FOR JOB PRINTING were two presses for small orders along with a new Century pony press with a capacity of 3,000 copies an hour. The first such model was built by the Campbell Co. a year before, and six had been installed at Pittsburgh papers. It was described as "intended for the best and finest of color and half-tone work."
In the basement was the press room headed by foreman John Powell. The large newspaper press was driven by an 8-horsepower gas engine made by the Crouch Co. of New Brighton. This engine, "quieter and safer than a steam engine," also drove a paper cutter machine.
An elevator carried the page forms between the upstairs composing room and basement press. Here also was a sink where the forms were washed, and a stock room to which the newsprint and other paper was delivered and stored. Parallel to this room was the area where the newsboys received their quota of the day's edition.
The article termed the plant "a marvel of convenience and comfort," serving to make the paper even better than it had been. "All the news all the time" was the News Review motto - "a watchword that will be followed closely and carefully as hard work and earnest effort will allow," it concluded.
After the First National Bank erected the Neo-Classical columned building on Fifth St. in 1923, The Review took over the whole Washington St. building. Eventually, the composing room was moved up to the fourth floor. On the first floor were the classified and display ad staffs and circulation department on one side, the newsroom on the other, and the general manager's office in the rear.
Some 26 years later, the newspaper plant was relocated to the newly constructed art deco building on E. Fourth St. Many older readers recall the old dark brick structure up the street, some remembering the sports scores and war bulletins displayed in the front windows, the clatter of the old presses, others harking the days when as newsboys they picked up their allotment of papers.
The lady who has put up with me for more than four decades worked there as a receptionist and classified ad bookkeeper before she and the rest of the staff transferred to the new office.
A GREAT BOON for newspaper production came in 1885 with the invention of the Linotype machine. This marvelously complex device, with a printer at a keyboard, could rapidly produce lines of lead type, eliminating the painstaking hand assembly of individual letters. But the contraption was expensive, and only the major city newspapers could originally afford them.

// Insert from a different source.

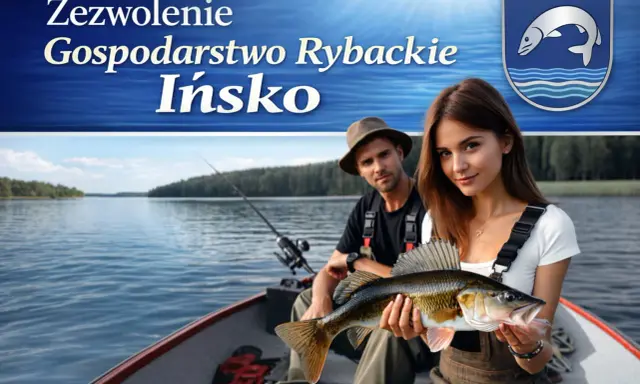 Para łowi ryby na jeziorze. Kobieta trzyma złowionego sandacza. Zezwolenie na połów można uzyskać przez internet.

In October 1898 the first such machine was installed in East Liverpool at The Daily Crisis. A few months later, Palmer and Morris obtained a used Linotype for The News Review, and it was placed on the first floor in the job shop at the rear of the business office. Not long afterward, a second used machine was bought, but due to limited space on the first floor, it went into the basement under the bank and opposite the press room.
Now the local papers could set all of their type within the plant instead of buying "boiler-plate" - already cast lead plates supplied by out-of-town agencies. This allowed The News Review to increase its eight page, five-column format to ten pages.
The Spanish-American War had begun in 1898, and Palmer - a member of the Pennsylvania National Guard - was called to duty. One source described him as a sergeant, another as a company commander; but he came to be called "Captain Palmer." He served in Cuba, and then in the Philippines awarded to the U.S. in the peace. (In 1895 a "Capt. Palmer" was listed among former Confederate prisoners forming a prisoner group in the area.)
In his absence, the business office was directed by his wife and editor Morris. On his return a surprise dinner was held in his honor at the Thompson House hotel on Third St. Mrs. Palmer thanked the staff's men and women for their cooperation and support.
He and the rest of management and workers now turned to the major tasks approaching for their business in the new century.